Category Archives: Weekend Getaways

Refresh — Regroup — Relaunch

You may have noticed a significant absence of posts for the last three months — and that’s because Mark has been working away like a busy little bee over in the 1400s house. And I’ve been carefully building a base of clients for my writing and editing business.

We took a much-needed weekend escape at the end of February — over to the far western side of Normandy in beachside Brehal. We didn’t do a lot — ate, slept, read, watched movies, and had a few outings in the icy cold weather. But it was a good break and we came back feeling refreshed.

Mark looking out to sea in Brehal, Normandy, France

Mark looking out to sea in Brehal, Normandy, France

A moules (mussels) farm at the seaside in Normandy, France.

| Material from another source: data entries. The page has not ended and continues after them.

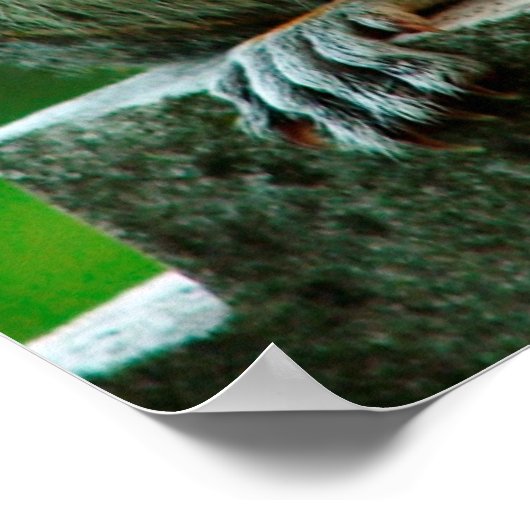 "Ik kruis mijn hart" Poster (Hoek)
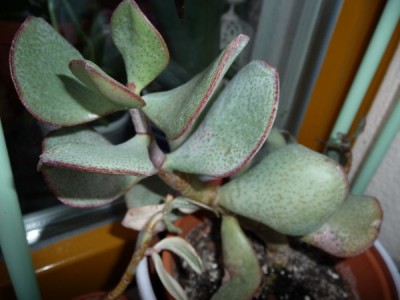 P1000523_600_450(2).jpg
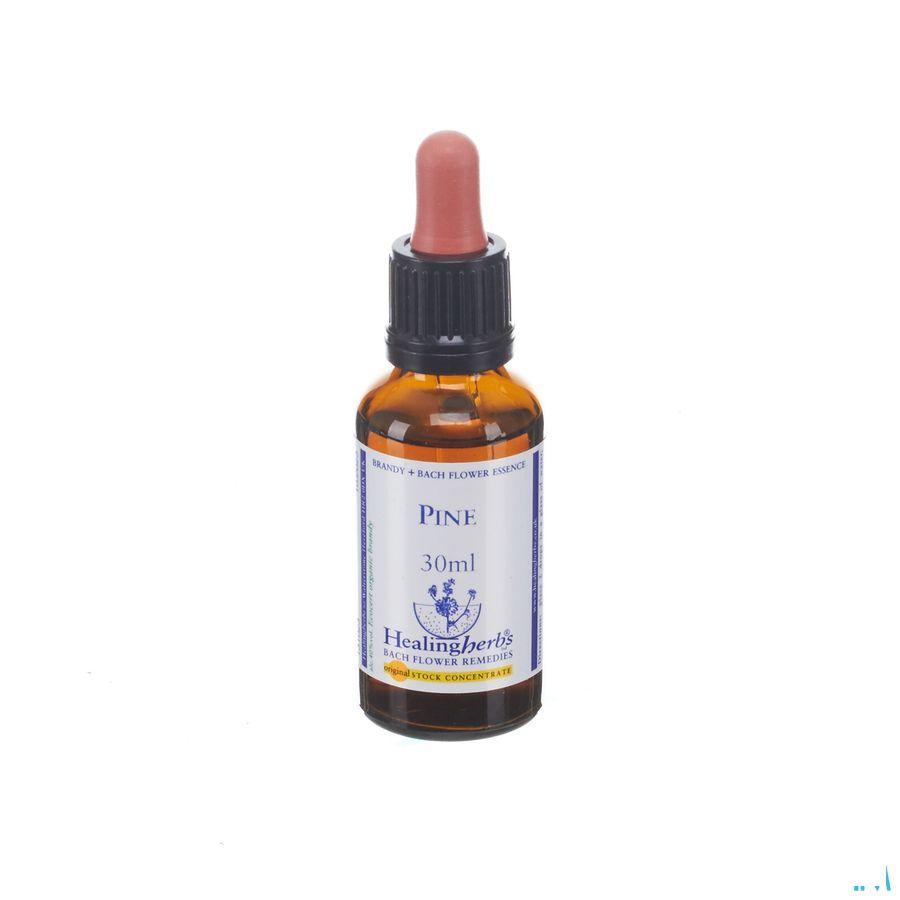 Healing Herbs Pine 30 ml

A moules (mussels) farm at the seaside in Normandy, France.

On an afternoon drive along the seacoast, we stumbled upon this medieval chateau ruin from the 14th Century in Regneville sur Mer and had a quick walk around. It’s a tiny but very pretty village facing the sea.

The corner of a 14th Century chateau ruin in the seaside village of Regneville sur Mer, Normandy, France.

The corner of a 14th Century chateau ruin in the seaside village of Regneville sur Mer, Normandy, France.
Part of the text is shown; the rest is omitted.